La conséquence est sans appel, chaque centimètre gagné par la Méditerranée expose directement les zones côtières à un risque accru de submersion, menaçant tant les écosystèmes que les installations humaines, explique-t-il.
Le réchauffement climatique manifeste ses effets dans l’archipel à travers deux phénomènes particulièrement alarmants : la hausse persistante des températures et la transformation de l’environnement marin.
Cette modification des conditions écologiques bouleverse la biodiversité locale et favorise l’émergence d’espèces invasives aux conséquences dévastatrices.
Parmi elles, un prédateur redoutable venu de la mer Rouge, le crabe bleu. Surnommé « DAAECH » par les pêcheurs locaux en raison de son caractère particulièrement nuisible et destructeur, ce crustacé représente une menace sans précédent pour l’équilibre marin.
« Le crabe bleu est un véritable fléau », témoigne le journaliste. « Non seulement il se nourrit des poissons juvéniles, menaçant ainsi la reproduction des espèces locales, mais il s’attaque également aux filets des pêcheurs qu’il n’hésite pas à déchirer, causant des pertes économiques considérables. »
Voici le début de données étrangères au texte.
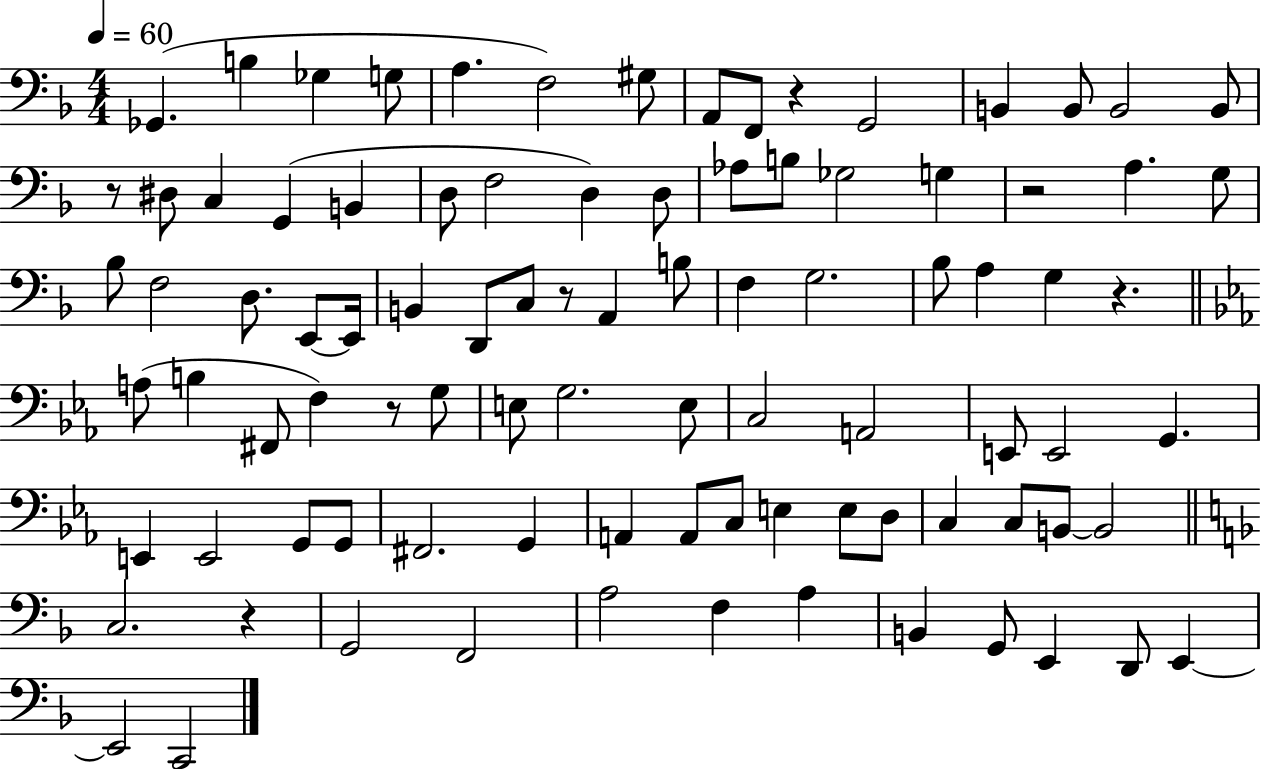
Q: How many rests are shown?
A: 7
Un autre point très important, le phénomène océanique bien connu par, le « marée astronomique », cette élévation périodique du niveau de la mer régie par l’attraction gravitationnelle de la Lune et du Soleil.
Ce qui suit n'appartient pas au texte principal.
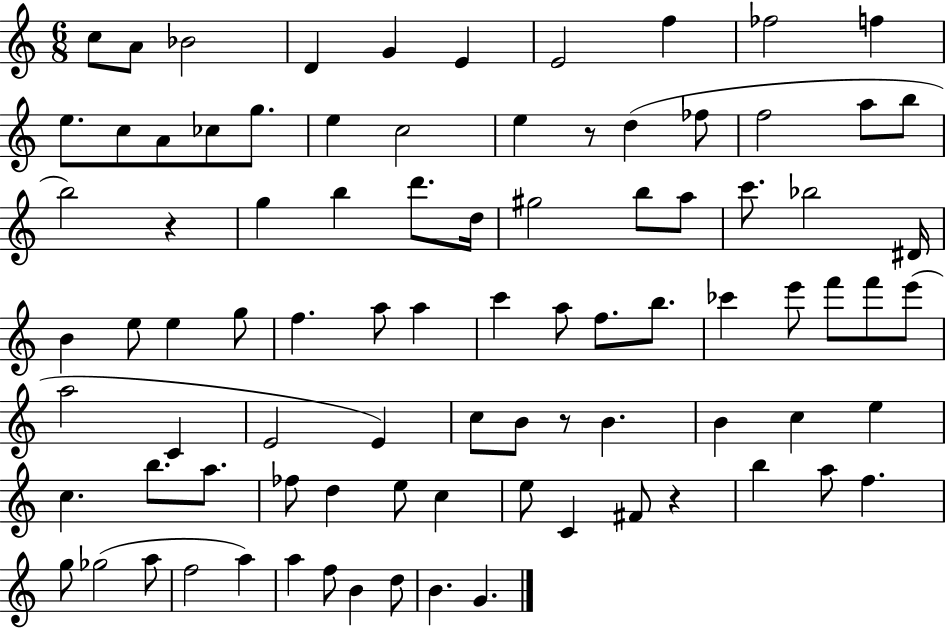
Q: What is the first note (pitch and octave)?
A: C5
Mais parfois, la nature ajoute des ingrédients météorologiques qui transforment ce cycle naturel en une menace côtière.
Cette recette potentiellement dangereuse entre en jeu lorsque cette marée haute rencontre des vents puissants en provenance du nord. Ces rafales, telles un immense piston, poussent des masses d’eau supplémentaires vers les rivages orientaux. La situation devient critique lorsque ces côtes, comme celles de l’archipel de Kerkennah en Tunisie, sont basses et particulièrement vulnérables à la moindre surélévation des eaux.
Le scénario est encore aggravé par une chute brutale de la pression atmosphérique. Moins l’air pèse sur la surface de la mer, plus celle-ci gonfle, tel un soufflé qui s’élève dans un four. Cette composante météorologique s’ajoute alors au niveau déjà élevé par la marée et le vent.
Kerkennah face à l’effondrement de sa biodiversité marine
Dans les eaux turquoises de l’archipel de Kerkennah, un drame écologique se joue en silence. La grande nacre, coquillage emblématique de Méditerranée, a déjà tiré sa révérence. Le poulpe, pilier de l’économie locale, lutte pour sa survie.
Les pêcheurs, témoins impuissants de cette hécatombe, racontent une mer qui se vide, jour après jour. selon l’Observatoire des espèces menacées de Méditerranée – Rapport publié en 2022 sur la conservation de la biodiversité marins et côtière méditerranéenne d’ici 20230.
L’archipel de Kerkennah subit une crise écologique d’une ampleur alarmante. La grande nacre (Pinna nobilis), autrefois symbole des fonds marins, est désormais considérée comme fonctionnellement éteinte, victime d’une épizootie propagée par le réchauffement des eaux qui a décimé 99% de sa population méditerranéenne.

Le poulpe commun, pilier de la pêche traditionnelle, connaît une raréfaction extrême due au stress thermique répété, à la modification de ses cycles reproductifs et à la disparition de ses proies favorites. Les girelles, poissons emblématiques des herbiers, ne subsistent qu’à l’état de populations résiduelles, leurs nurseries côtières étant détruites par la dégradation des posidonies et la prédation des espèces invasives.
Quant aux palourdes et coques locales, leur déclin catastrophique s’explique par la triple menace de l’acidification des eaux côtières, du réchauffement des sédiments et de l’appétit vorace du crabe bleu. Cette cascade de disparitions dessine le tableau inquiétant d’un écosystème marin au bord de l’effondrement.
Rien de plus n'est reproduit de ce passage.